Question

The sum of 2-digit number and the number obtained by reversing the order of the digit is 165. If the digits differ by 3, find the number, when the tens digit is bigger than the unit’s digit.

Answer 1

Hint: We first assume the unit and tens place digits. We reverse the order of the digits. We add these numbers to get 165. Also, it is given that the digits differ by 3. We form the algebraic equations and solve them to find the original number.

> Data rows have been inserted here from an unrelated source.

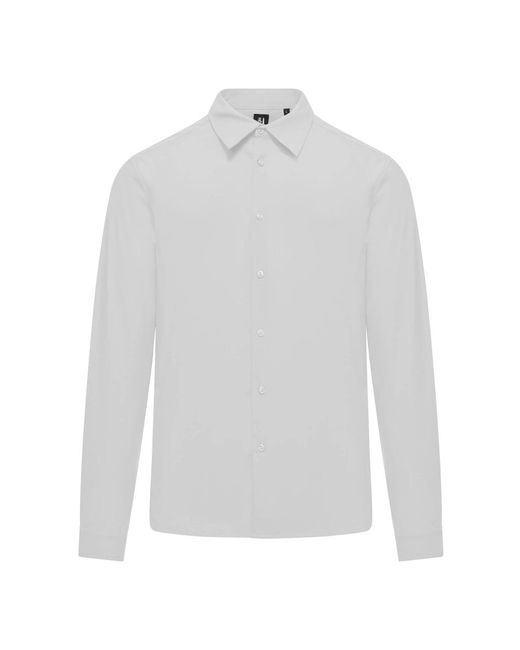 Bomboogie Technical Fabric Shirt in het White voor heren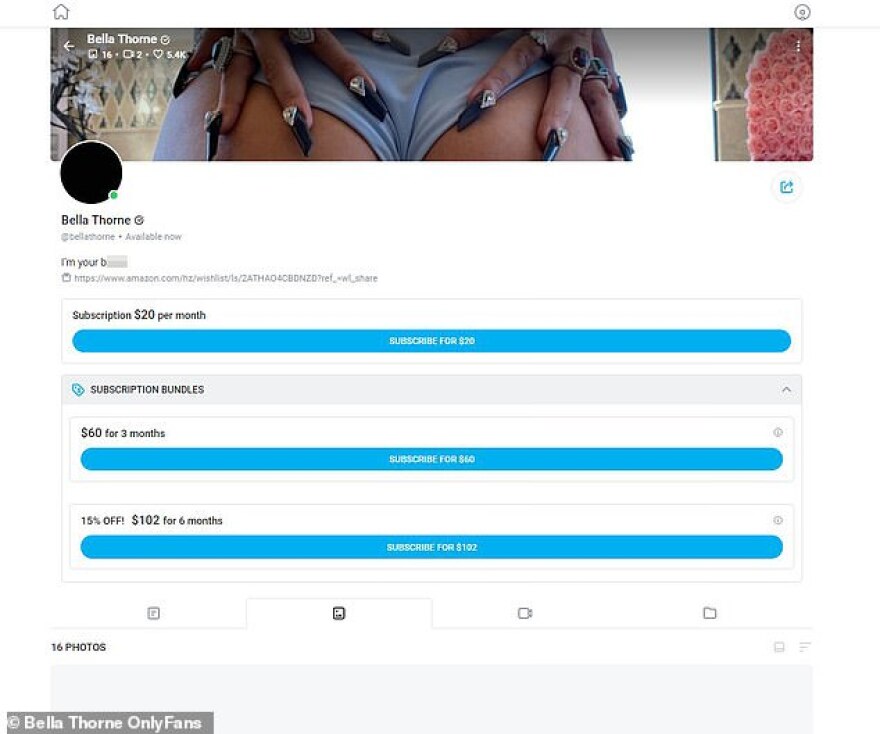 Η Μπέλα Θορν στο OnlyFans: Με καυτό βίντεο ανακοίνωσε το νέο της βήμα η 22χρονη καλλονή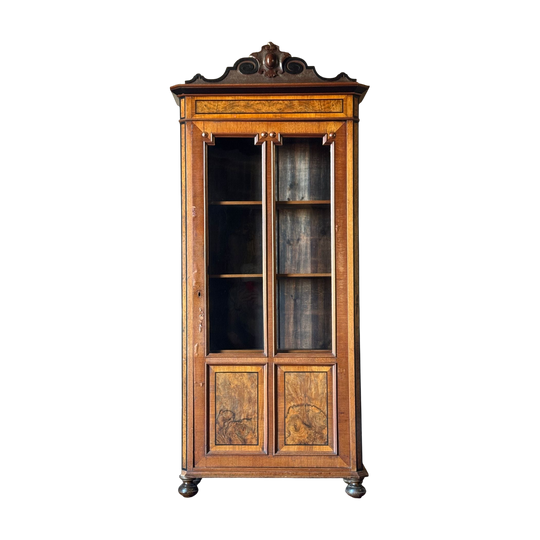 Antique Mahogany Display Cabinet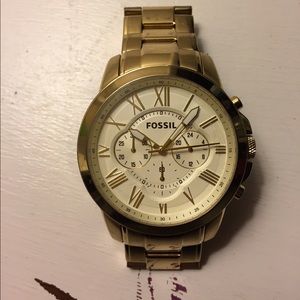 Gold Fossil Boyfriend watch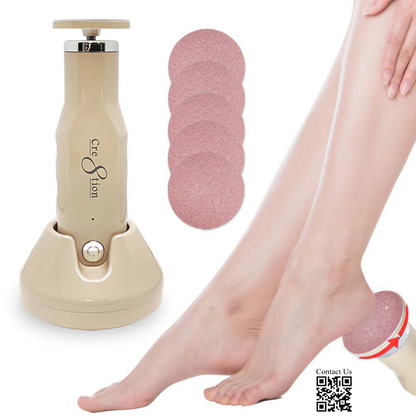 Cre8tion Cordless Callus Freedom - Rechargeable Callus Remover - Beige (Pk: 24 pcs/case)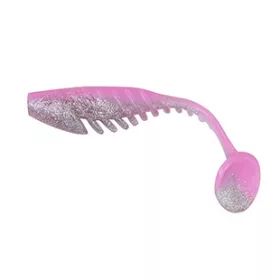   L&K FLOATING SHAD 6 CM 5 KS/BALENÍ BARVA:PINK - Gumová umělá nástraha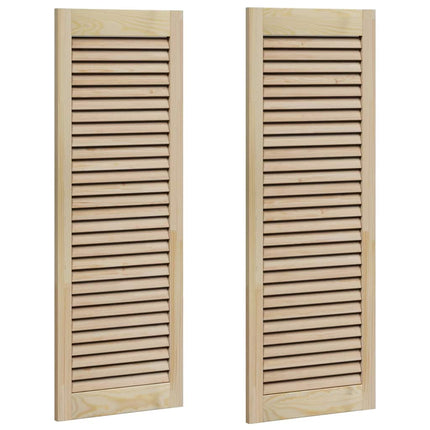 Skabsdør 2 pcs Naturfarvet 110 x 2,1 x 39,5 cm Massiv fyrretræ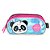 Estojo Escolar Up4You Luxcel Panda Pink Preto - Imagem 1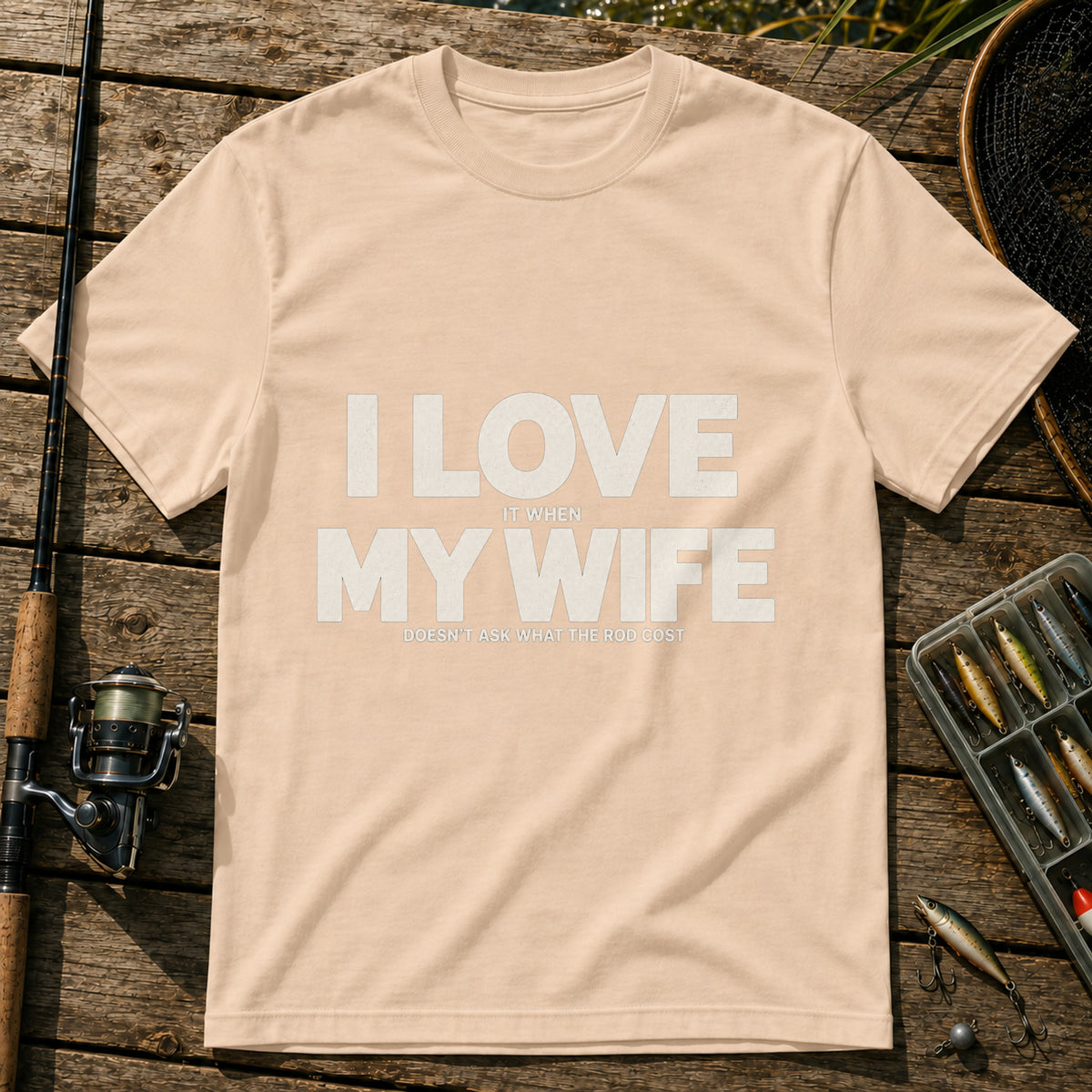 Dosn't Ask T-Shirt in Cream
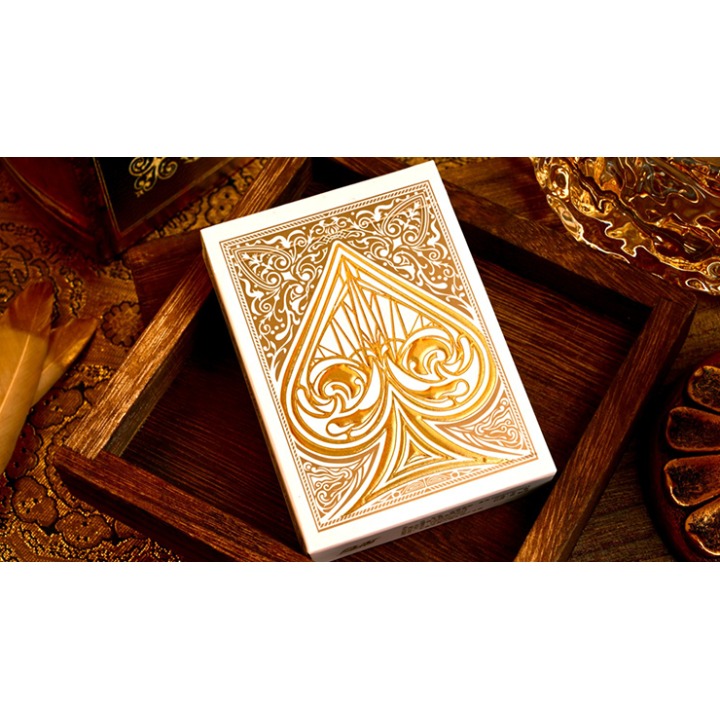 Sanctuary (Gold) Playing Cards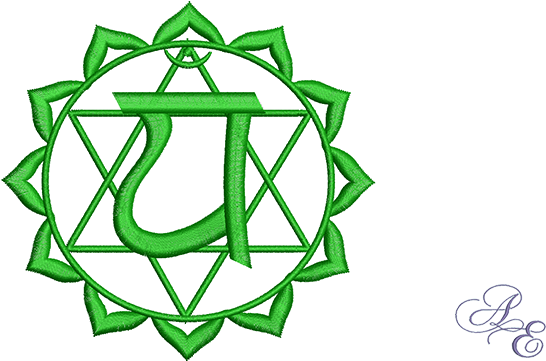 Anahata Heart Chakra Medium - Altar Heart Square Sticker 3" X 3" (722x361), Png Download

Complete step by step answer:
Let the unit and tens place digits of the 2-digit number are $y,x$ respectively. So, the number is $10x+y$. Now if we reverse the order of the digits, the unit and tens place digits of the 2-digit number becomes $x,y$ respectively. The number becomes $10y+x$. The sum of those numbers is 165. This gives
\[\left( 10x+y \right)+\left( 10x+y \right)=165 \\
\Rightarrow 11x+11y=165 \\ \]
Dividing both sides with 11 we get $x+y=\dfrac{165}{11}=15......(i)$.
We are also given that the digits differ by 3 and the tens digit is bigger than the unit’s digit for the original number. So, $x-y=3.......(ii)$
We add the equations to get
$\left( x+y \right)+\left( x-y \right)=15+3 \\
\Rightarrow 2x=18 \\
\Rightarrow x=\dfrac{18}{2}=9 $
Putting the value, we get $y=15-x=15-9=6$.

Hence, the number is 96.

Note:Instead of taking two variables we also could have taken one variable and got the other one using the condition of difference of the digits being 3. So, we take one variable to be $x$ as the tens place digit. We get the unit’s place digit as $x-3$.